- [Records from a data source]:
--*--
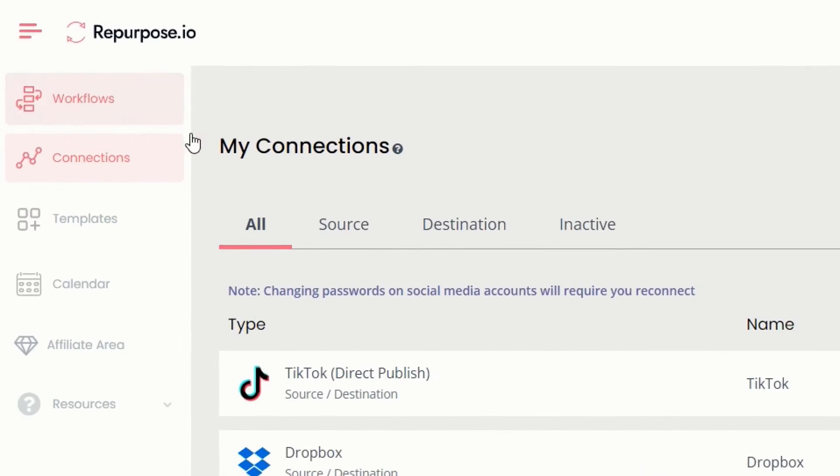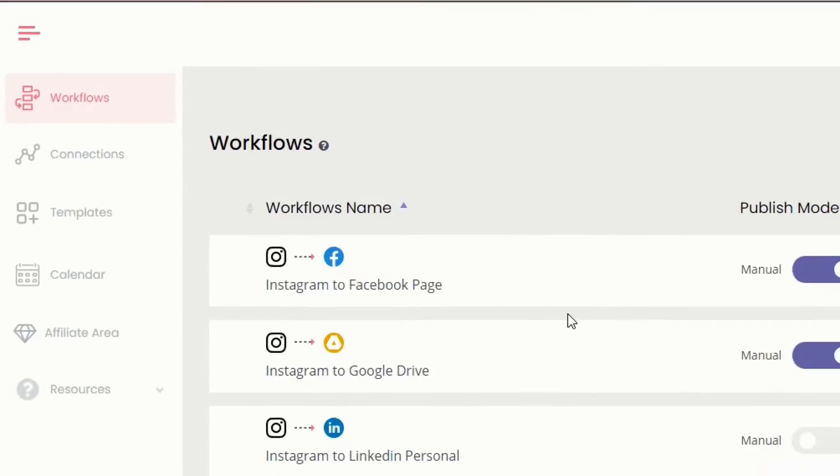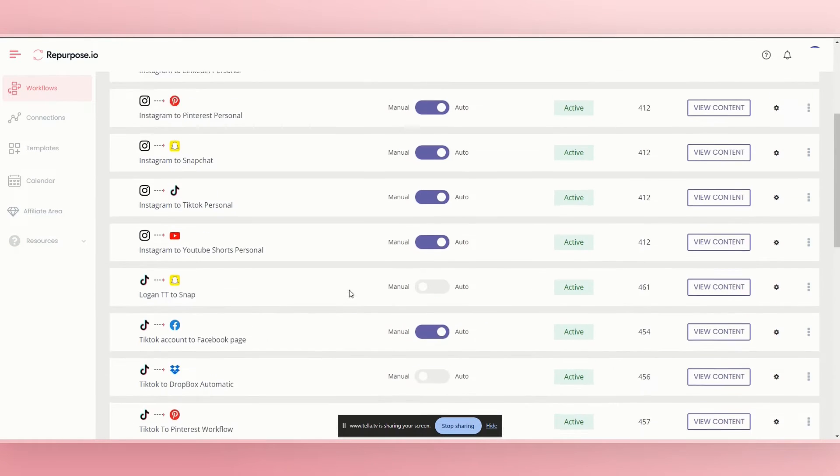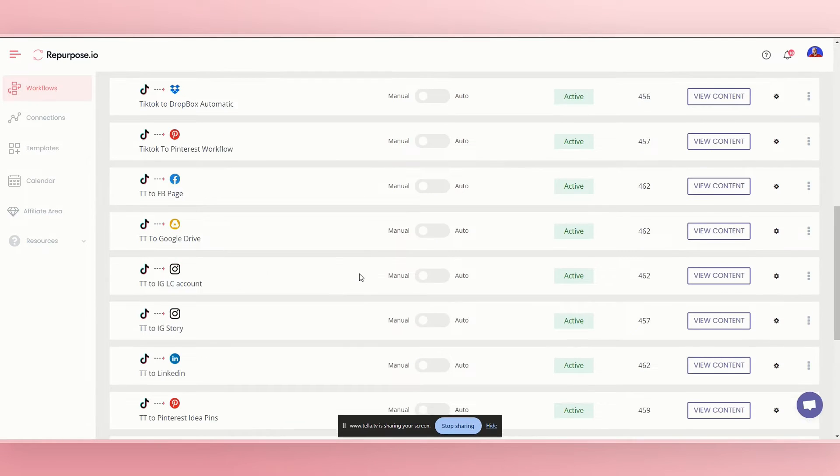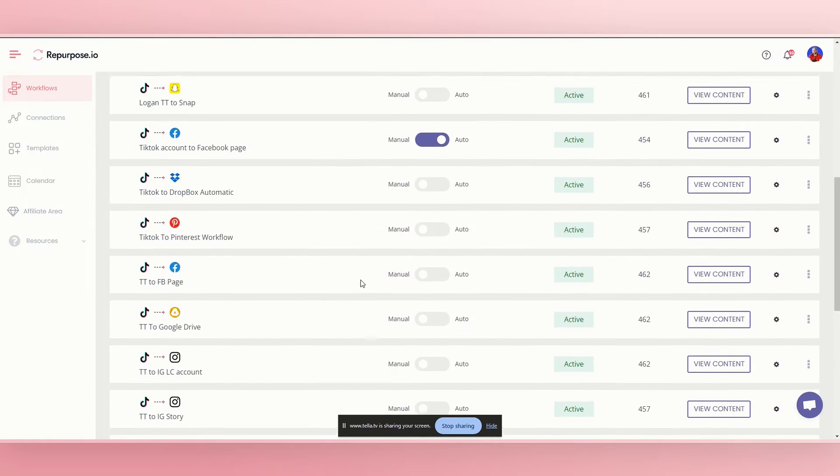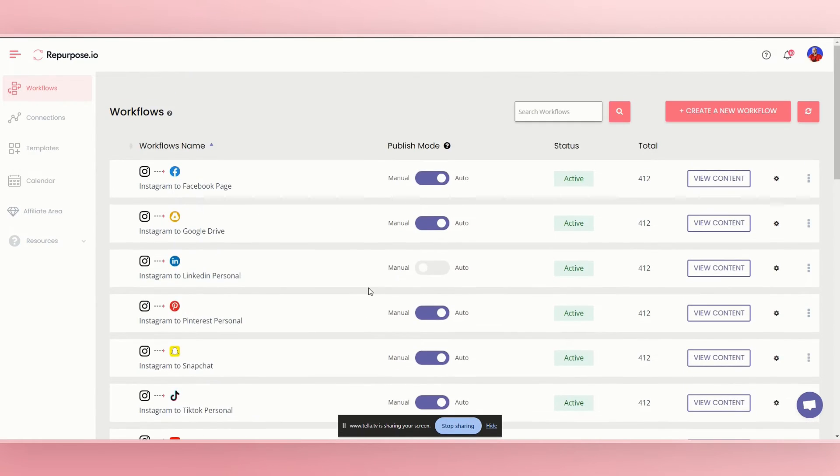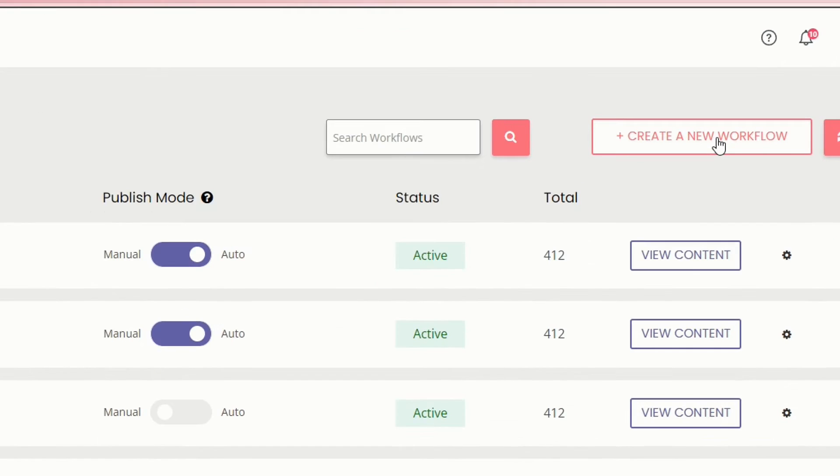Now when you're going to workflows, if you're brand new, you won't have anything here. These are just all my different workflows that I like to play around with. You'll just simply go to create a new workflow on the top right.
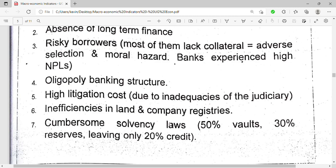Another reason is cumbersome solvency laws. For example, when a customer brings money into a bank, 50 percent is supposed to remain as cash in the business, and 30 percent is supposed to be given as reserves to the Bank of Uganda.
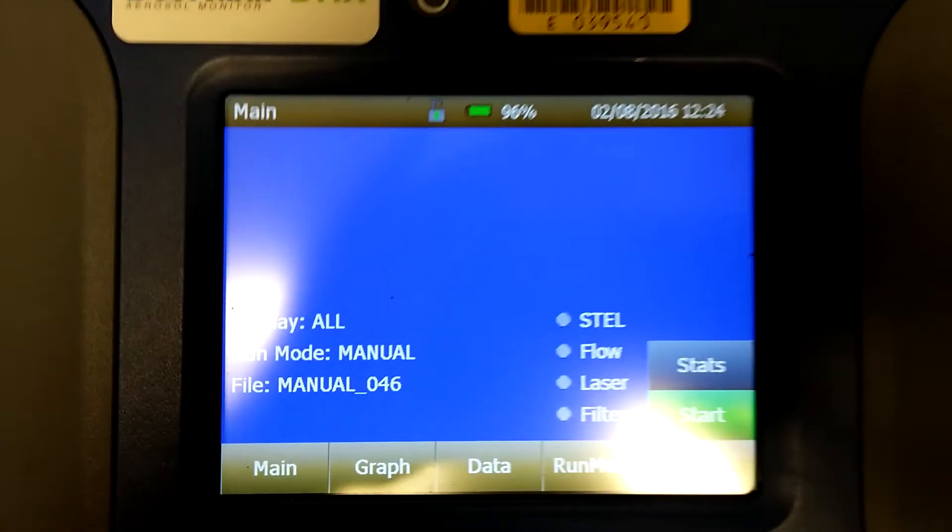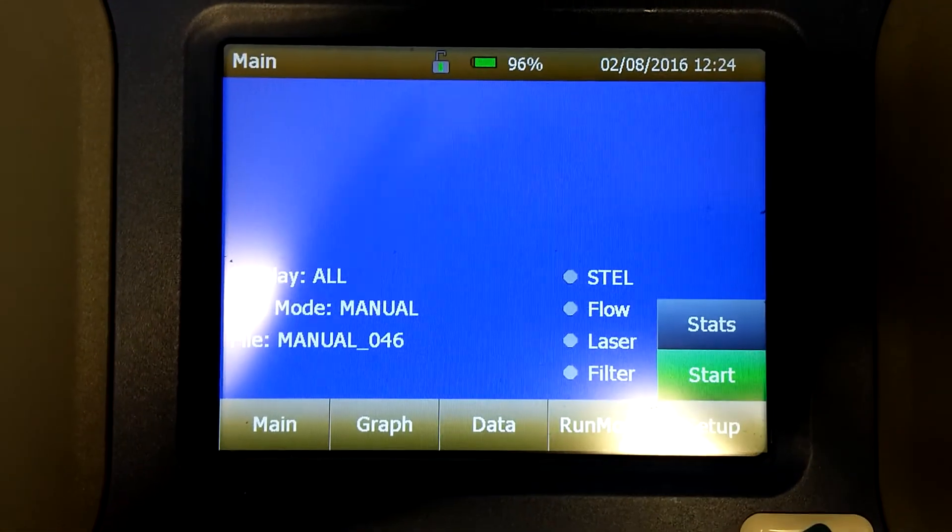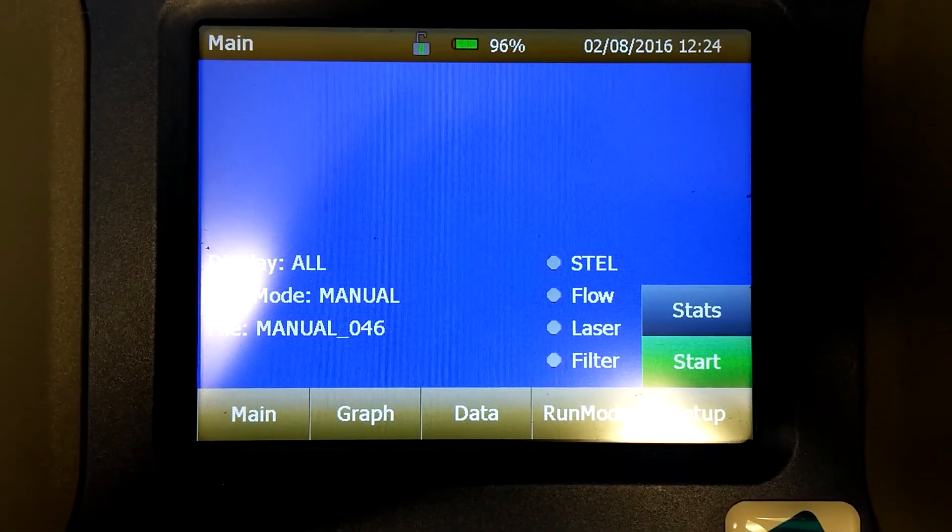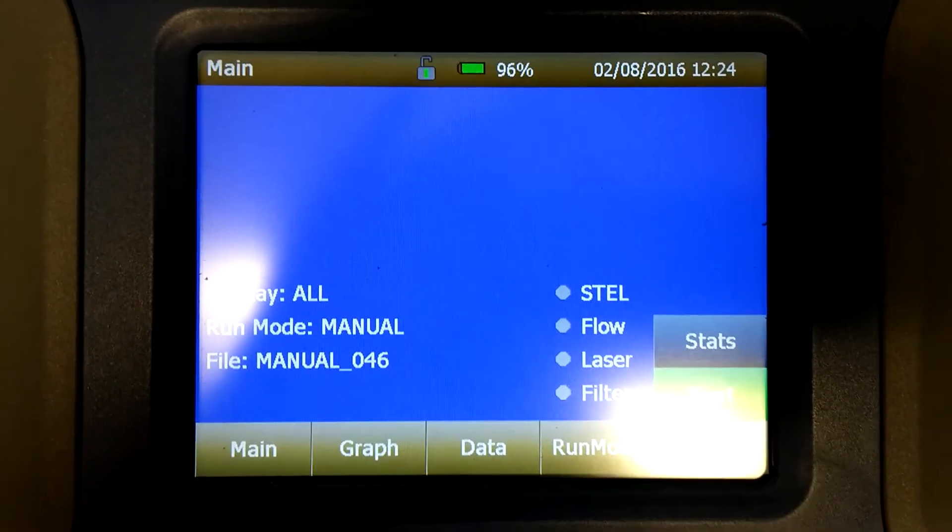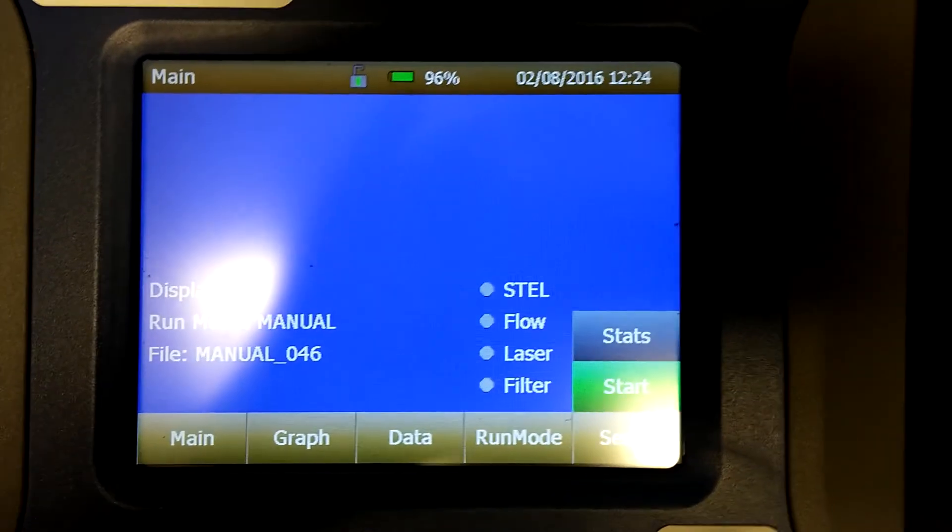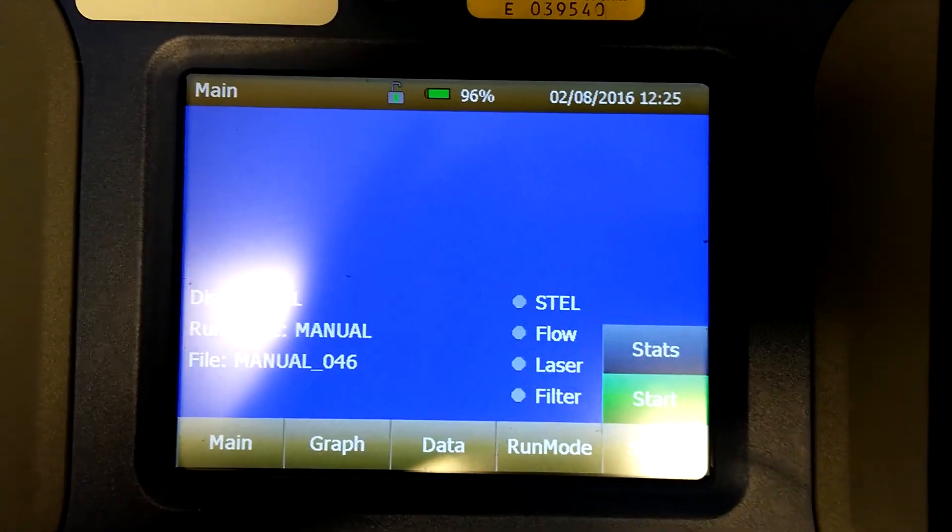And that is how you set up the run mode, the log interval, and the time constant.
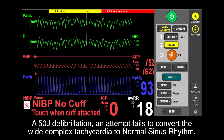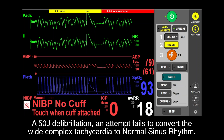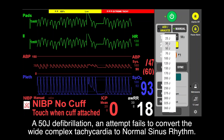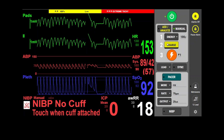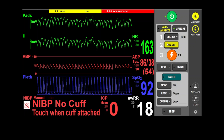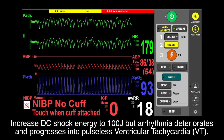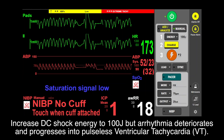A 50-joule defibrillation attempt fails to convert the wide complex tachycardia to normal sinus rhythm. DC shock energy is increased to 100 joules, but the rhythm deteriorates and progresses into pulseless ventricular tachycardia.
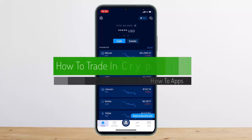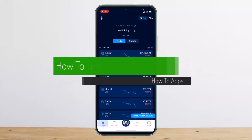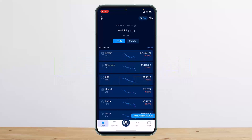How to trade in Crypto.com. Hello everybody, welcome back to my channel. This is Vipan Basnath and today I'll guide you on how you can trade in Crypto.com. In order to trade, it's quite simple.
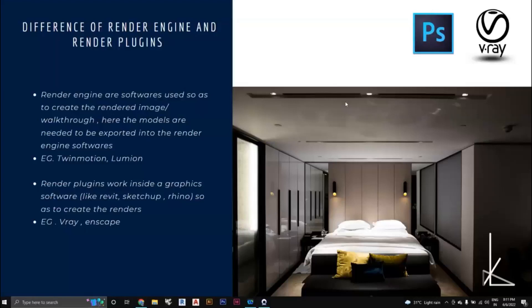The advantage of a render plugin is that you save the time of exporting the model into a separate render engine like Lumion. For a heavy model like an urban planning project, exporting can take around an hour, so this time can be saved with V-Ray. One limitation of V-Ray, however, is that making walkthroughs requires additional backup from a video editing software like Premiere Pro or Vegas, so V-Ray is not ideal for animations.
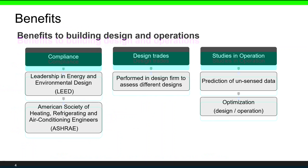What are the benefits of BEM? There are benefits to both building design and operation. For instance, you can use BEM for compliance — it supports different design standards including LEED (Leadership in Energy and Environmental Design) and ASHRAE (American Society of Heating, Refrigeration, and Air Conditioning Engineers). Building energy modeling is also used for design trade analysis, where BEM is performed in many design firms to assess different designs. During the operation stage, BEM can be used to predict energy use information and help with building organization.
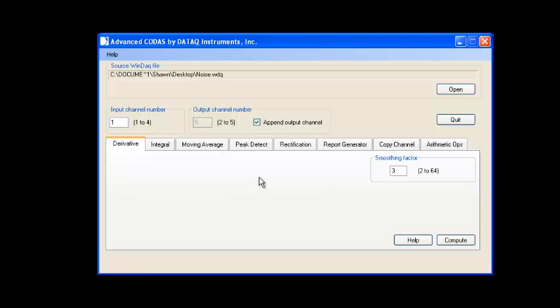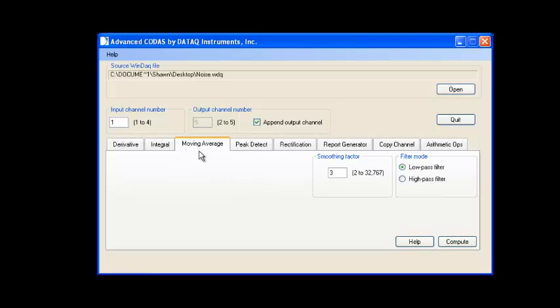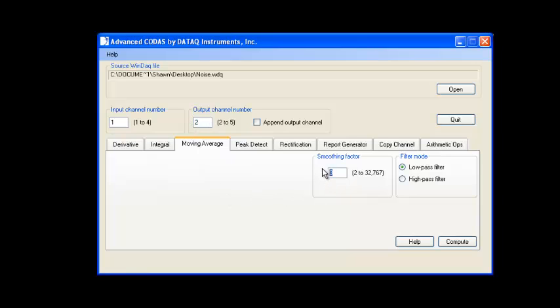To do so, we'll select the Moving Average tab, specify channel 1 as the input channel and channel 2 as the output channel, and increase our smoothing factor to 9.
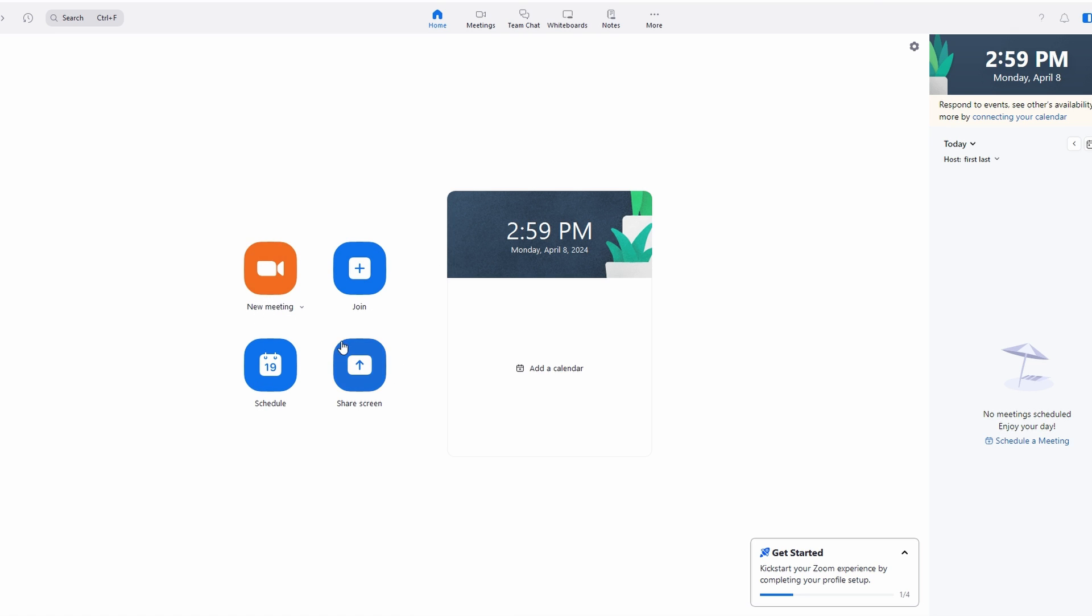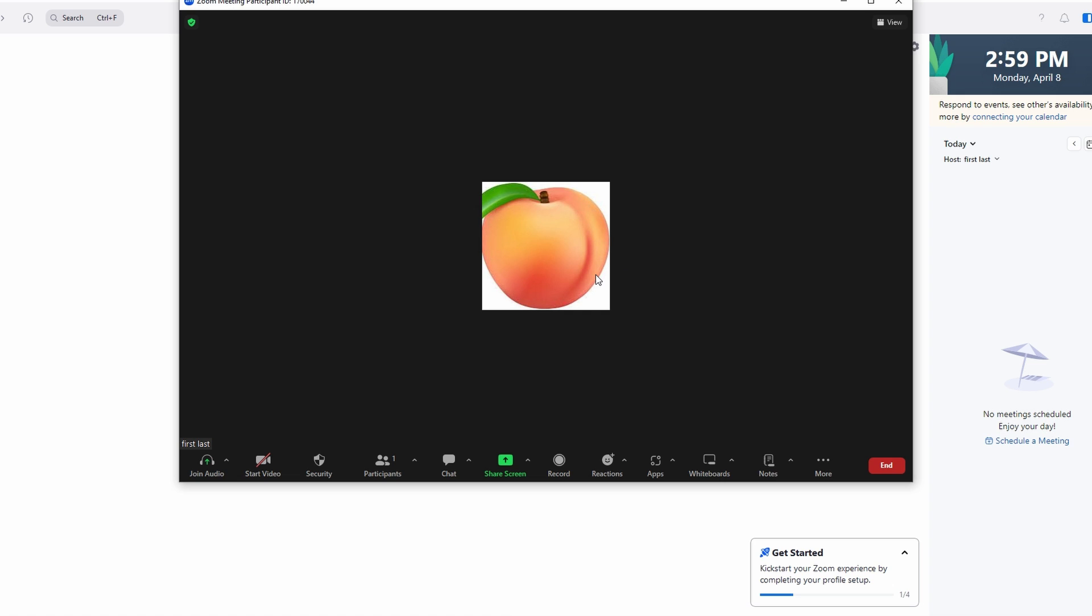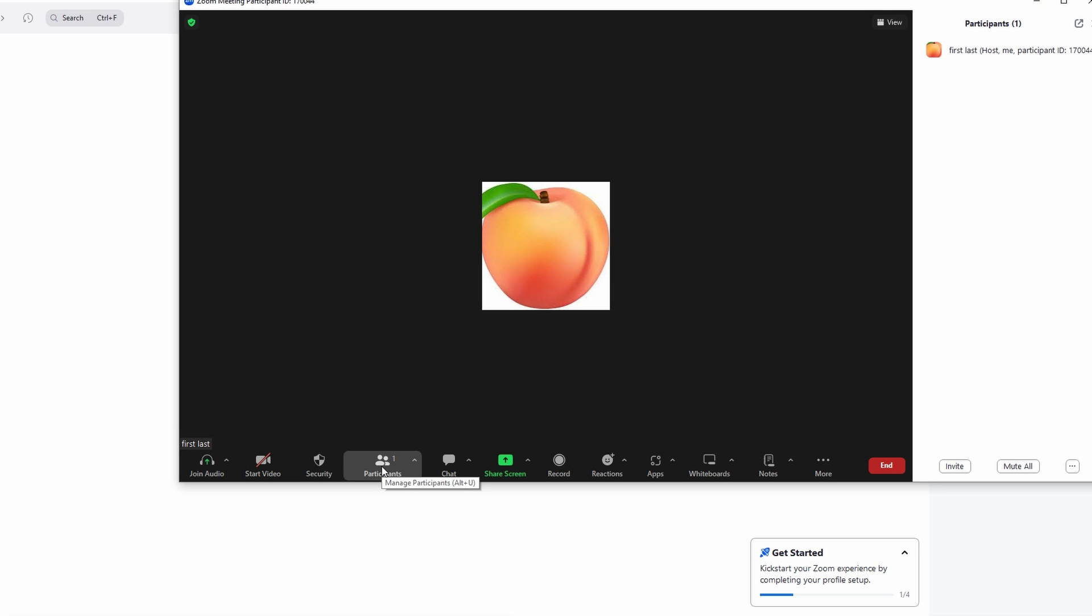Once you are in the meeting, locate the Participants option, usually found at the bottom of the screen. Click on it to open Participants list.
--*--
From the line with "To do so, we'll" to the final line of the entries above, reproduce each line exactly and nothing else; the pictures stay out.

To do so, we'll select the Moving Average tab, specify channel 1 as the input channel and channel 2 as the output channel, and increase our smoothing factor to 9.
Once you are in the meeting, locate the Participants option, usually found at the bottom of the screen. Click on it to open Participants list.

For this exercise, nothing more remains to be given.